--- DATA TO PROCESS Enclosed Below ---
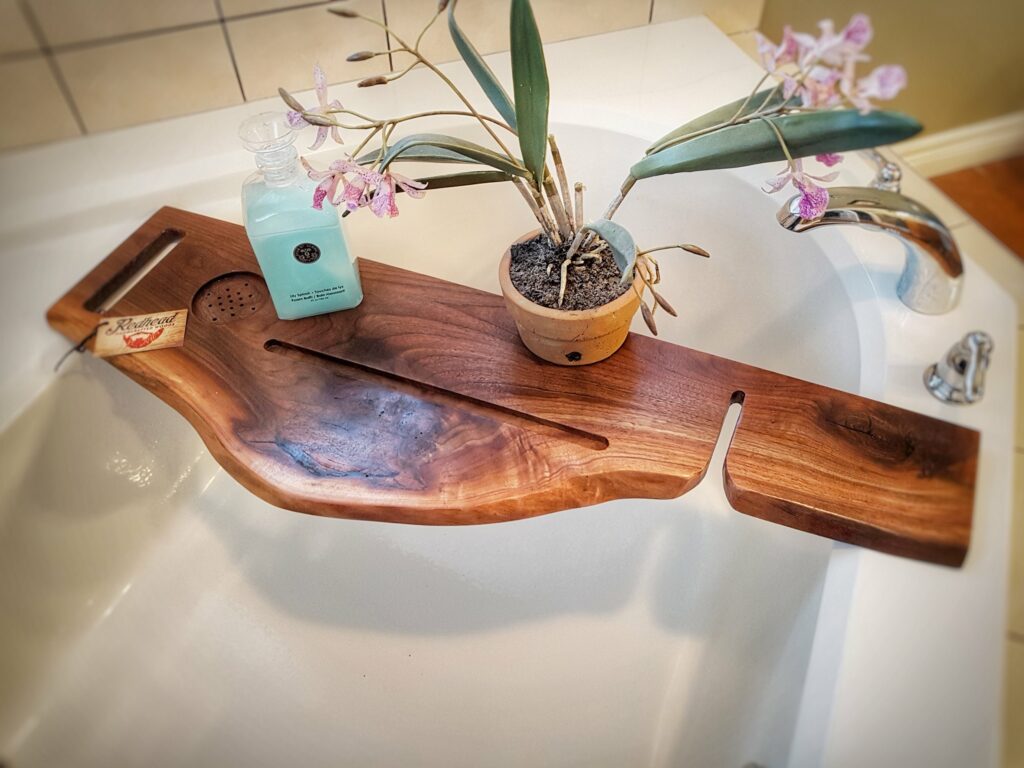 Wood Bath Caddy Mothers Day Gift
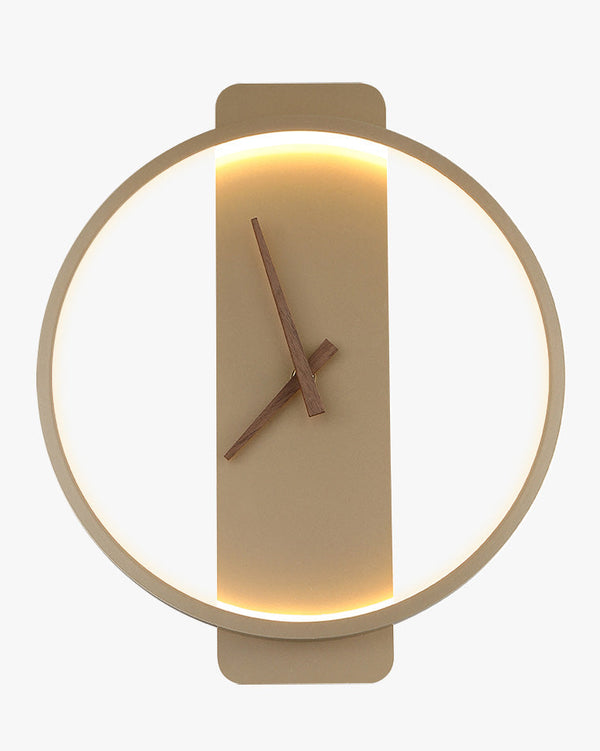 Diff Wall Clock with Led Light-DF6012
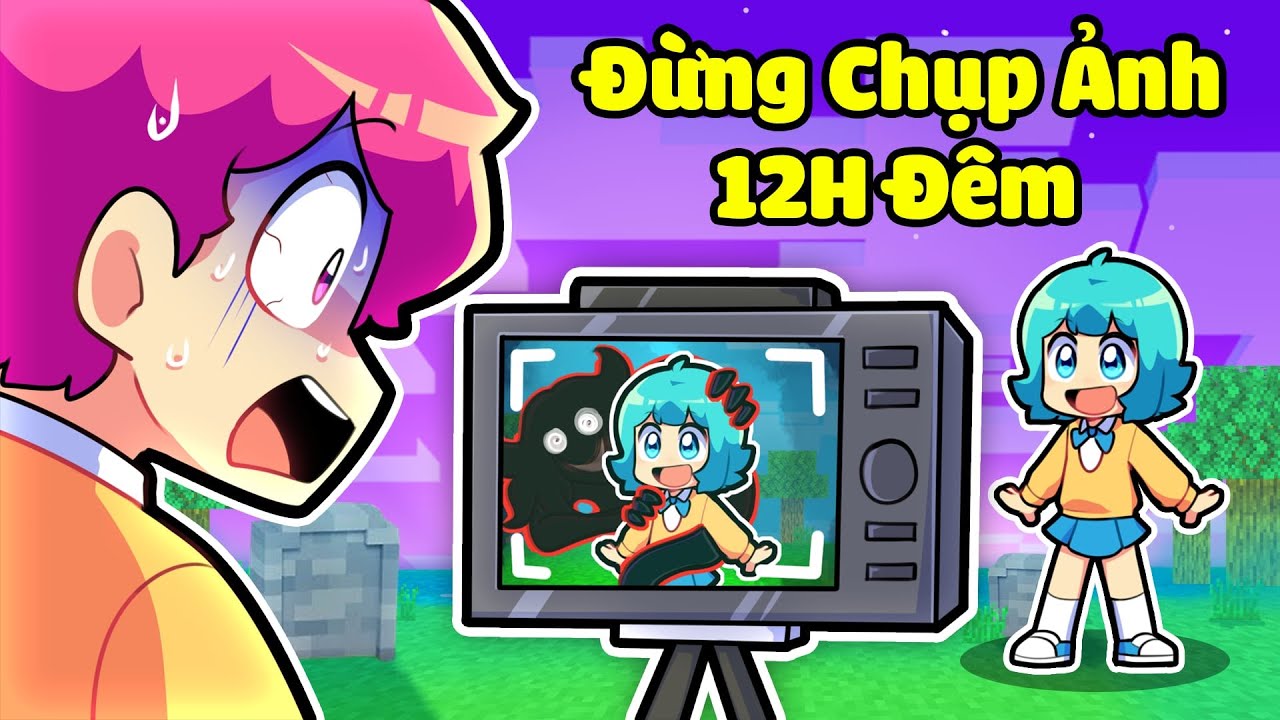 YUMMIE BỊ MA BẮT VÌ CHỤP ẢNH LÚC 12H ĐÊM TRONG MINECRAFT*ĐỪNG CHỤP ẢNH 12H GIỜ ĐÊM 😱🤣
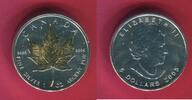 Kanada 5 Dollars Silbermünze Maple Leaf mit Goldapplikation 1 oz -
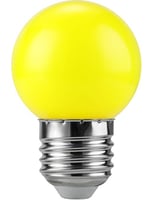 LED E27 Ball G45x72 230V 1W 320° AC Yellow Non-Dim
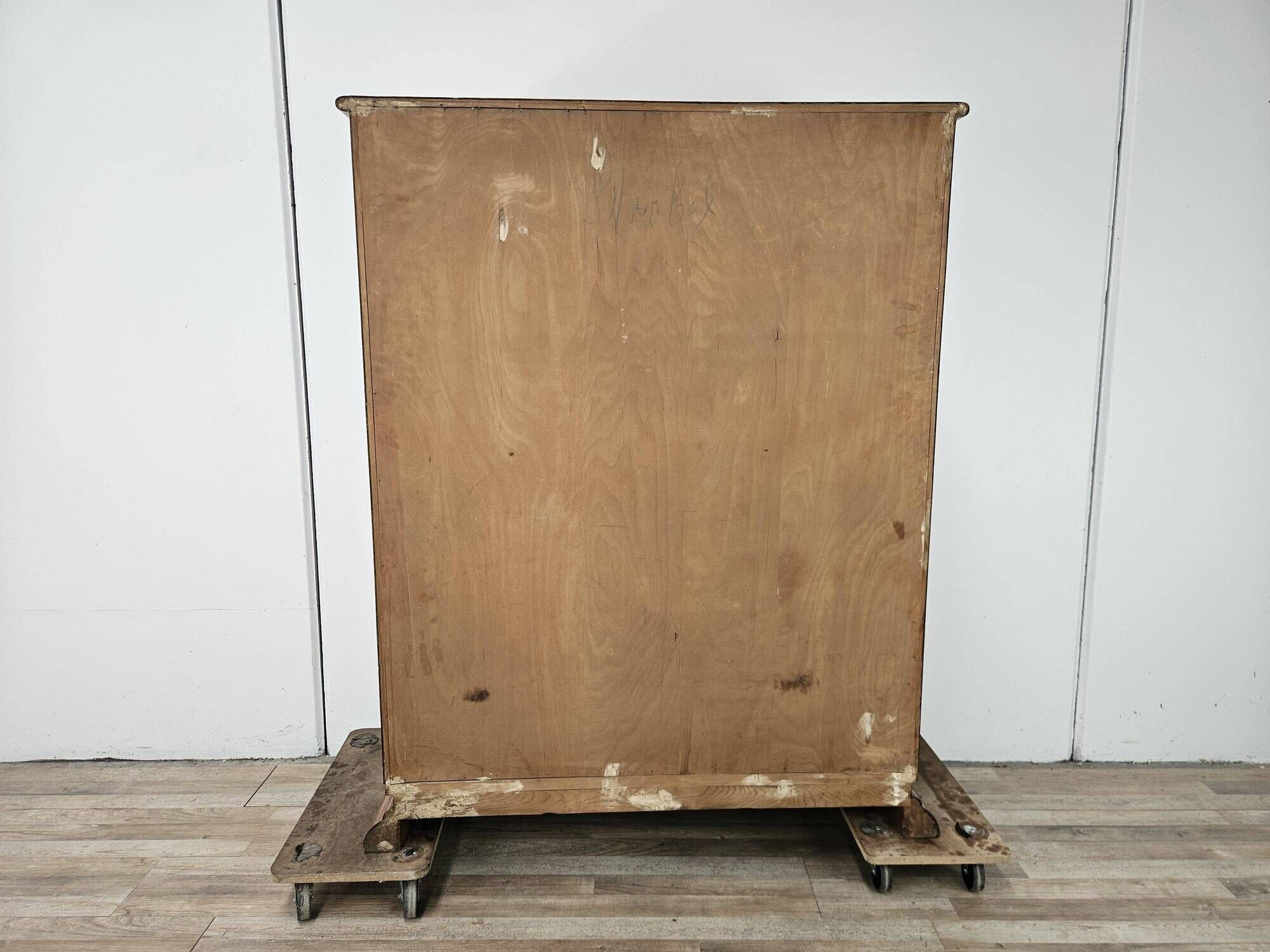 1930s Austrian Art Deco walnut burl sideboard
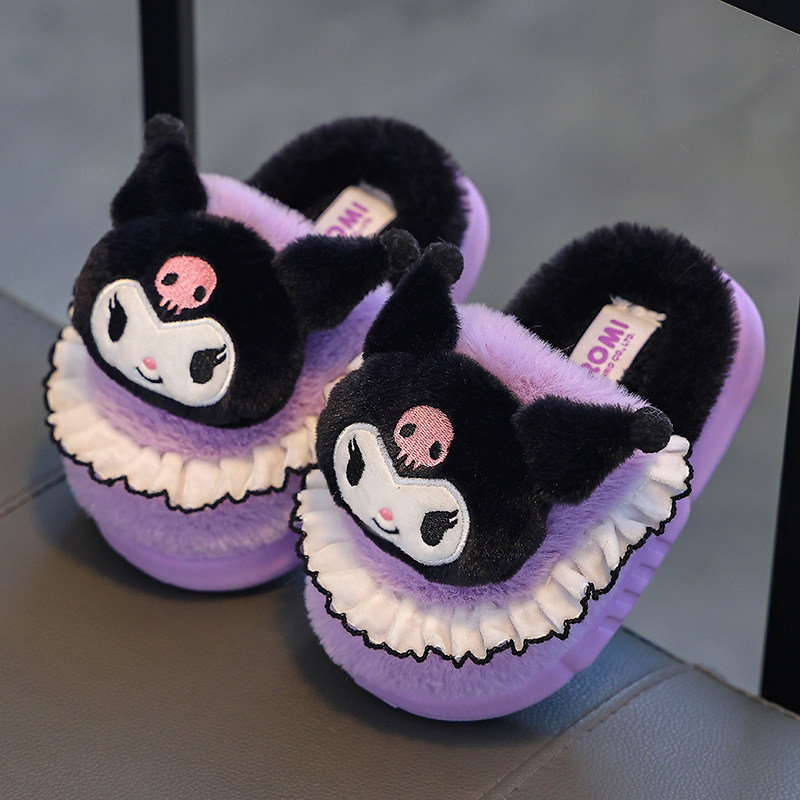 三丽鸥库洛米女童棉拖鞋秋冬季室内居家卡通亲子保暖防滑儿童棉鞋,童鞋/婴儿鞋/亲子鞋,儿童棉拖鞋,淘宝优惠券,粉丝福利购,淘宝优惠卷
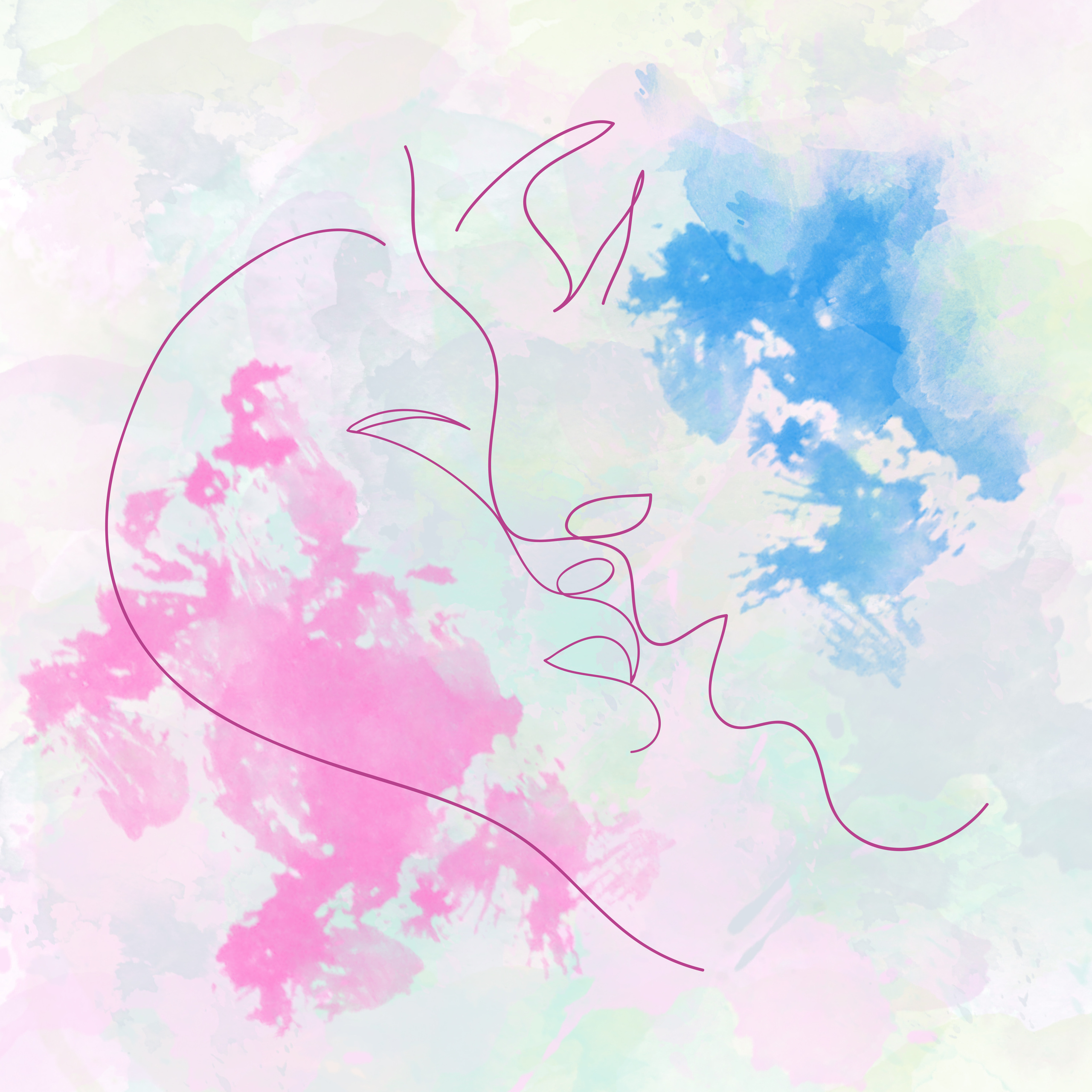 ART line. Lolly Shine. Contemporary digital artist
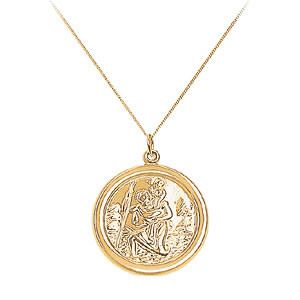 Men's 9ct Gold St Christopher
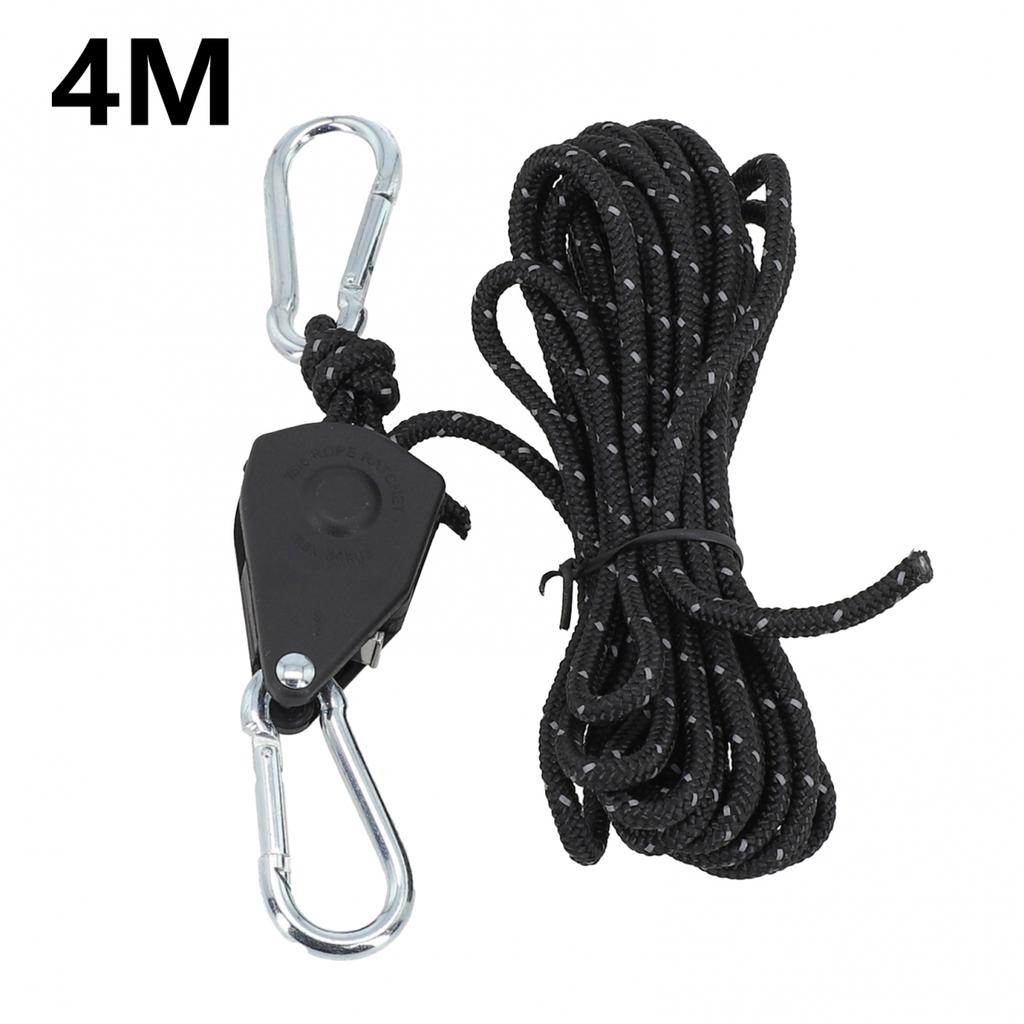 Rope Rope Buckle Stainless Steel+nylon Tent Pulley 4mm*4m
--- End of Enclosed DATA TO PROCESS ---
REQUIRED WORK. Retype the data above exactly. Leave the pictures out.

ANSWER SECTION.
 Wood Bath Caddy Mothers Day Gift
 Diff Wall Clock with Led Light-DF6012
 YUMMIE BỊ MA BẮT VÌ CHỤP ẢNH LÚC 12H ĐÊM TRONG MINECRAFT*ĐỪNG CHỤP ẢNH 12H GIỜ ĐÊM 😱🤣
 Kanada 5 Dollars Silbermünze Maple Leaf mit Goldapplikation 1 oz -
 LED E27 Ball G45x72 230V 1W 320° AC Yellow Non-Dim
 1930s Austrian Art Deco walnut burl sideboard
 三丽鸥库洛米女童棉拖鞋秋冬季室内居家卡通亲子保暖防滑儿童棉鞋,童鞋/婴儿鞋/亲子鞋,儿童棉拖鞋,淘宝优惠券,粉丝福利购,淘宝优惠卷
 ART line. Lolly Shine. Contemporary digital artist
 Men's 9ct Gold St Christopher
 Rope Rope Buckle Stainless Steel+nylon Tent Pulley 4mm*4m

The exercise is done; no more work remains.